A new study finds asteroids blow up much farther away from the Sun than originally thought. The surprising conclusion helps explain puzzling results from a state-of-the-art model of 9000 near Earth objects (NEOs).
An international team of scientists lead by researchers at the University of Helsinki, created a first-of-its-kind model of NEOs using over 8 years of data from the Catalina Sky Survey (CSS). Upon completion, researchers realized there was a big inconsistency – the model predicted about 10 times more objects that reach within 10 solar diameters of the Sun. Scientists spent a year verifying their model showing it was consistent with the laws of physics as we know them. The team was simply stumped.
That is until Dr. Mikael Granvik, who is lead-author of the study published in the journal Nature, hypothesized that the asteroids were being destroyed much further away from the Sun than was commonly thought. Researchers tested the idea by tweaking the model and found it to be in almost-perfect agreement with actual observations of NEOs in our solar system.
“The discovery that asteroids must be breaking up when they approach too close to the Sun was surprising and that’s why we spent so much time verifying our calculations,” said team member Dr. Robert Jedicke at the University of Hawaii Institute for Astronomy.

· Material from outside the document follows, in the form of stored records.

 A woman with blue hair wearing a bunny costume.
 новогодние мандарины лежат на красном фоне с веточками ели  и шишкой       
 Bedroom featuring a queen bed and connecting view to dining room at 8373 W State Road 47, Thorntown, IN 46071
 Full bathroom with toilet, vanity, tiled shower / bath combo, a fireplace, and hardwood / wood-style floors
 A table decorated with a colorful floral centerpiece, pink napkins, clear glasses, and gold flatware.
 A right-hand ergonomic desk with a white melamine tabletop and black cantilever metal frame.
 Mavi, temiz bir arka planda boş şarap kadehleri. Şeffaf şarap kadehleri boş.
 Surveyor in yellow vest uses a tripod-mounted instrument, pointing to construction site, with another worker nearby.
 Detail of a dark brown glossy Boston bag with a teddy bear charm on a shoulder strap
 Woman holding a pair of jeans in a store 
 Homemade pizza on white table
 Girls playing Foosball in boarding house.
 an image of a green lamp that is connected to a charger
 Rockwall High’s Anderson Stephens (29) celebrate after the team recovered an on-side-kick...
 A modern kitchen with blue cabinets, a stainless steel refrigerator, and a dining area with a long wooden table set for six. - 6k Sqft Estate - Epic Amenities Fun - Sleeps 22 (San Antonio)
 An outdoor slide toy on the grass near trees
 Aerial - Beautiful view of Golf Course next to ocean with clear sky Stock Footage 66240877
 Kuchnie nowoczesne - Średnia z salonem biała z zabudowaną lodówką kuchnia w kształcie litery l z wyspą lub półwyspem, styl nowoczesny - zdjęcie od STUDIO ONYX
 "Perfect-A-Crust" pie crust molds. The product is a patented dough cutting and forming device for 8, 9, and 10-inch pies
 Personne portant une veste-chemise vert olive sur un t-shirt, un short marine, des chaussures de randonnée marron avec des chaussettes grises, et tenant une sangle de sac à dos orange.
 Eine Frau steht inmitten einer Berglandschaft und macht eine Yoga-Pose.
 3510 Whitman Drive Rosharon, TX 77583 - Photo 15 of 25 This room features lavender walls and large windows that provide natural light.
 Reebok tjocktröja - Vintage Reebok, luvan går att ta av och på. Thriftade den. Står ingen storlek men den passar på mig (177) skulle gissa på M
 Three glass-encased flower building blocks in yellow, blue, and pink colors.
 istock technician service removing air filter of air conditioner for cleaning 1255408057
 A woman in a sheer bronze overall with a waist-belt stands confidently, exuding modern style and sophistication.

The study explains the mystery of lonely “streams” of debris astronomers have found in the past. A meteor usually consists of the main object followed by a stream of material. In the past decade, astronomers have observed several streams, but were unable to identify a parent object for many streams close to the Sun. The study suggests that the parent objects were destroyed all-together because they were too close to the Sun, leaving the lonely streams of debris behind.
But how are these asteroids being destroyed you might ask?
The actual mechanism causing the destruction of asteroids close to the Sun is still unknown. Scientists think its likely that volatile materials inside the asteroid expand enough at moderate temperatures to blow up the body of the object.
Researchers also discovered that darker asteroids are destroyed further from the Sun than lighter asteroids. The fact that darker objects are more easily destroyed implies that dark and bright asteroids have a different internal composition and structure – and there’s likely more of the volatile material that causes the blow ups in the darker asteroids.
“Perhaps the most intriguing outcome of this study is that it is now possible to test models of asteroid interiors simply by keeping track of their orbits and sizes. This is truly remarkable and was completely unexpected when we first started constructing the new NEO model,” Dr. Granvik said.